Roland n’avait pas la moindre idée de ce à quoi faisait référence l’Adjoint Dave, mais aucune importance. Cela devait faire partie du coup monté auquel nul de ses hommes n’ajoutait beaucoup de foi, Dave inclus, apparemment. Même si, supposa Roland, ils viendraient à y croire dans quelques années comme si c’était parole d’évangile et raconteraient à leurs enfants et petits-enfants ce jour de gloire où ils avaient fait partie de la patrouille à cheval et capturé les traîtres.

Le Pistolero usa de ses genoux pour faire virer Flash… et là, près du portail qui séparait la cour du Bar K du chemin menant à la Grand-Route, se tenait Jonas. Il montait un bai à large poitrail, coiffé du feutre vert d’un meneur de chevaux et emmitouflé dans un vieux cache-poussière gris. Un fusil dépassait de la housse fixée près de son genou droit. Il avait repoussé le pan gauche de son cache-poussière pour exposer la crosse de son revolver. Les cheveux blancs de Jonas, qu’il avait négligé d’attacher aujourd’hui, s’étalaient sur ses épaules.

Ôtant son feutre, il salua Roland fort courtoisement.

— Ce fut une belle partie, dit-il. Vous avez très bien joué pour quelqu’un qui tétait encore sa mère il y a peu.

— Et toi, vieillard, tu as dépassé la limite d’âge, répliqua Roland.

Jonas sourit.

— Tu y porterais remède si tu pouvais, je t’entends bien ? Ouair, je crois.
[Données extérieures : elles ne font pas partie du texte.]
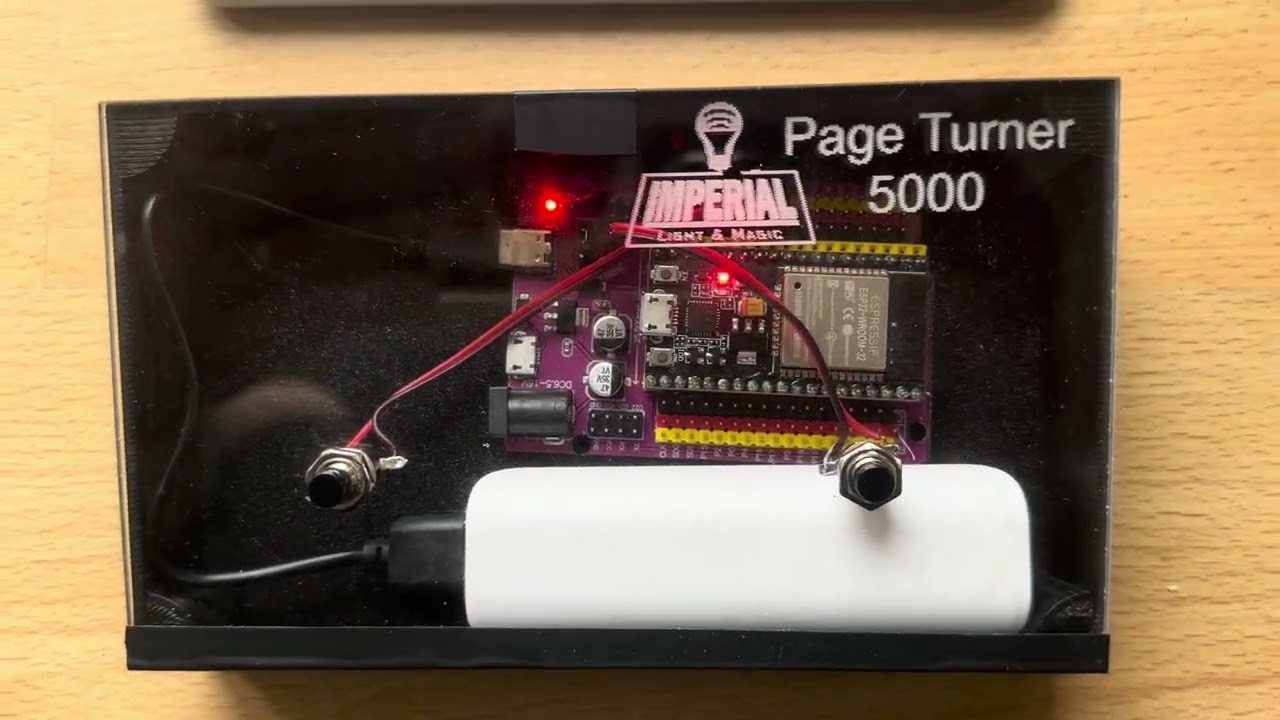 iPad page turner using Bluetooth and esp32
Il reporta son regard sur Lengyll.

— Confisquez-leur leurs joujoux, Fran. Cherchez surtout des couteaux. Ils ont des pistolets, mais pas sur eux. D’ailleurs, j’en sais là-dessus plus qu’ils ne pensent. N’oubliez pas la fronde du plaisantin. Surtout pas ça, au nom des dieux. Y a pas si longtemps qu’il aurait aimé fracasser la tête de Roy avec.

— C’est de poil de carotte que vous parlez ? demanda Cuthbert.
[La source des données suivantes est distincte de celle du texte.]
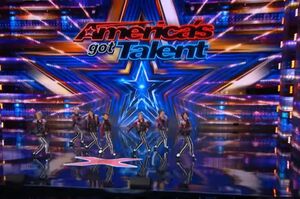 『ＡＧＴ』ではアクロバットも披露し、観客を熱狂させた（番組公式ユーチューブより)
Son cheval dansait sous lui et Bert oscillait d’avant en arrière et de droite à gauche comme un écuyer de cirque pour éviter d’être désarçonné.

— Le plaisantin, il aurait jamais raté sa tête ; ses couilles, peut-être, mais pas sa caboche.

— Probable, tomba d’accord Jonas, tandis qu’on délestait Roland de son arc et de ses lances. La fronde était fixée à la ceinture de Cuthbert, dans le dos et dans un étui qu’il avait confectionné tout spécialement de ses mains. Roy Depape avait été bien inspiré de ne pas avoir mis Bert à l’épreuve, d’après Roland — Bert pouvait cueillir un oiseau en plein vol à soixante mètres. Une bourse pleine de billes d’acier pendait au côté gauche du garçon. Bridger fit également main basse dessus.

Pendant que tout cela allait bon train, Jonas ne cessa de gratifier Roland de son plus aimable sourire.

— C’est quoi ton vrai nom, gamin ? Allez, à confesse — y a plus de mal à ce que tu parles maintenant : t’enfourchera bientôt la Jolie Dame à la Faux, tu le sais comme moi.

Roland ne broncha pas. Lengyll lança un regard à Jonas, l’interrogeant du sourcil. Jonas haussa les épaules, puis désigna d’un mouvement de tête la direction de la ville. Lengyll opina et tisonna Roland d’un long doigt crevassé.

— Allez, en route, mon garçon.

Roland pressa les flancs de Flash. Sa monture se dirigea au petit trot vers Jonas. Une certitude envahit soudain Roland. À l’instar de ses meilleures intuitions tombant pile, elle provenait de nulle part et de partout — absente la seconde d’avant, elle se trouvait là, celle d’après, vêtue de pied en cap.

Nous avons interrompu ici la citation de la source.